On Mon, Mar 17, 2014 at 10:58 PM, Stephen Frost <sfrost@snowman.net> wrote:
* Atri Sharma (atri.jiit@gmail.com) wrote:
> Isnt using a user given value for selectivity a pretty risky situation as
> it can horribly screw up the plan selection?
>
> Why not allow the user to specify an alternate plan and have the planner

Uh, you're worried about the user given us a garbage selectivity, but
they're going to get a full-blown plan perfect?



I never said that the user plan would be perfect. The entire point of planner hints is based on the assumption that the user knows more about the data than the planner does hence the user's ideas about the plan should be given a preference. Garbage selectivity can screw up  the cost estimation of *all* our possible plans and we could end up preferring a sequential scan over an index only scan for e.g.
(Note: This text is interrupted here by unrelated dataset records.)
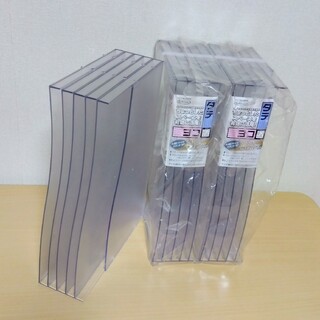 岩崎工業　Ａ４ファイルスタンド　３個 セット(オフィス用品一般)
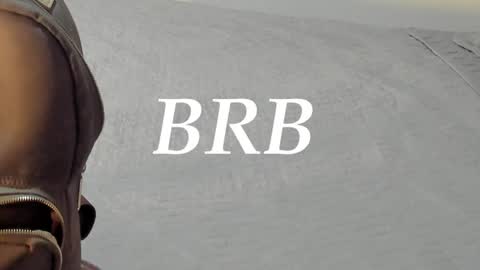    online show from 01.16.25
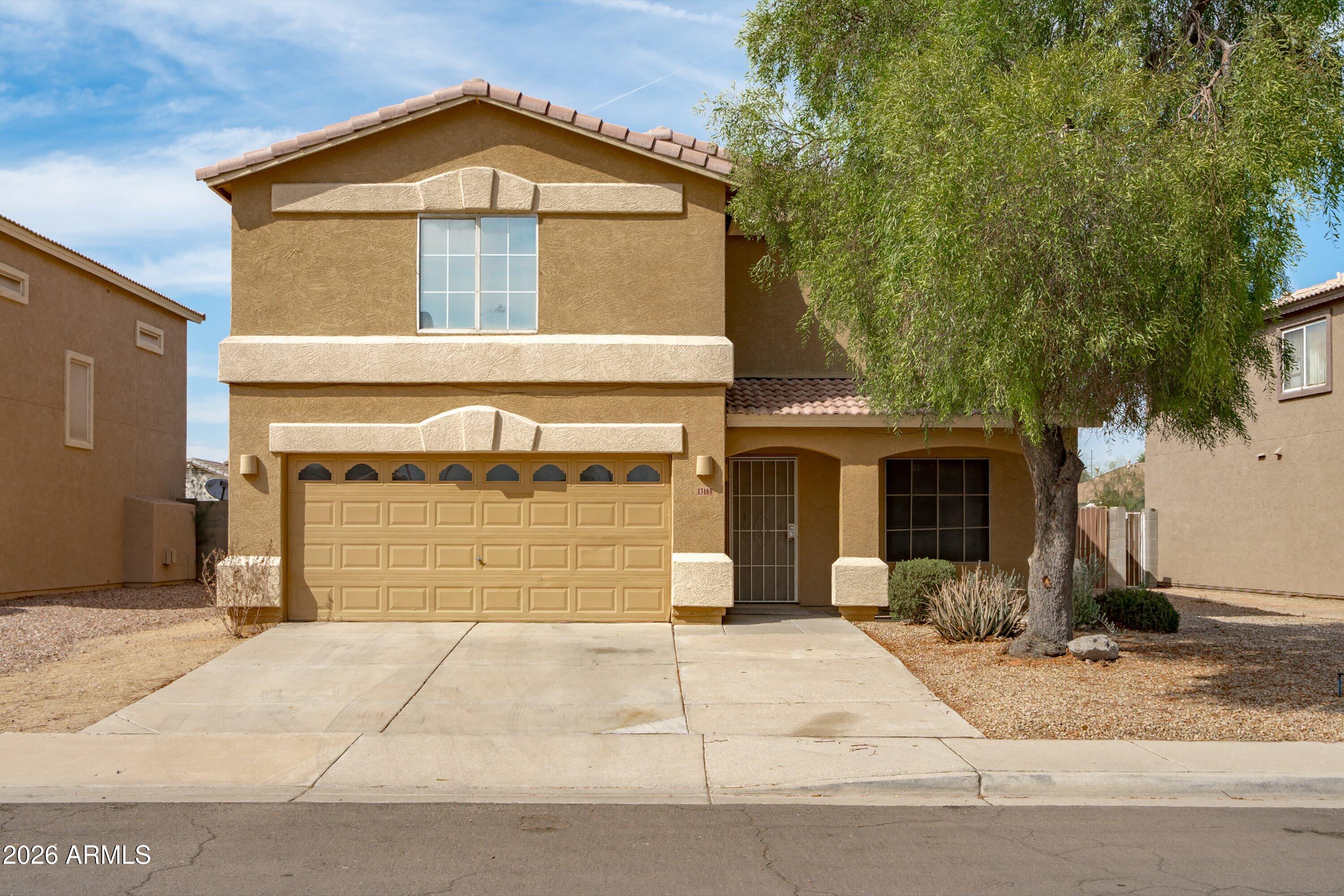 13188 W Crocus Drive — photo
I am trying to think of ways that give some preference to a user plan but do not interfere with the cost estimation of our other potential plans.

I'm not opposed to planner hints (or plan mandates), but also not optimistic they will ever get implemented, much less accepted.  But if they were, I don't see a use for such fudge factors.  By mandating a plan, I am already asserting I know more than the optimizer does.  Maybe I am right, maybe I am wrong, but either way I have taken it out of the optimizer's hands and would not welcome it snatching control back.

If it is too deranged for me to trust, why would it not become somewhat more deranged and so decide to ignore my hints?  The only setting for such a factor I would ever see myself using was the minimum, or the maximum.

The feature I would like in such hints, if they are to exist, is to set a version to which they apply.  Often a fix is made very quickly after the problem is pointed out, but it could take well over a year for the fix to see production if it is not backpatched and it lands at the wrong part of the release cycle.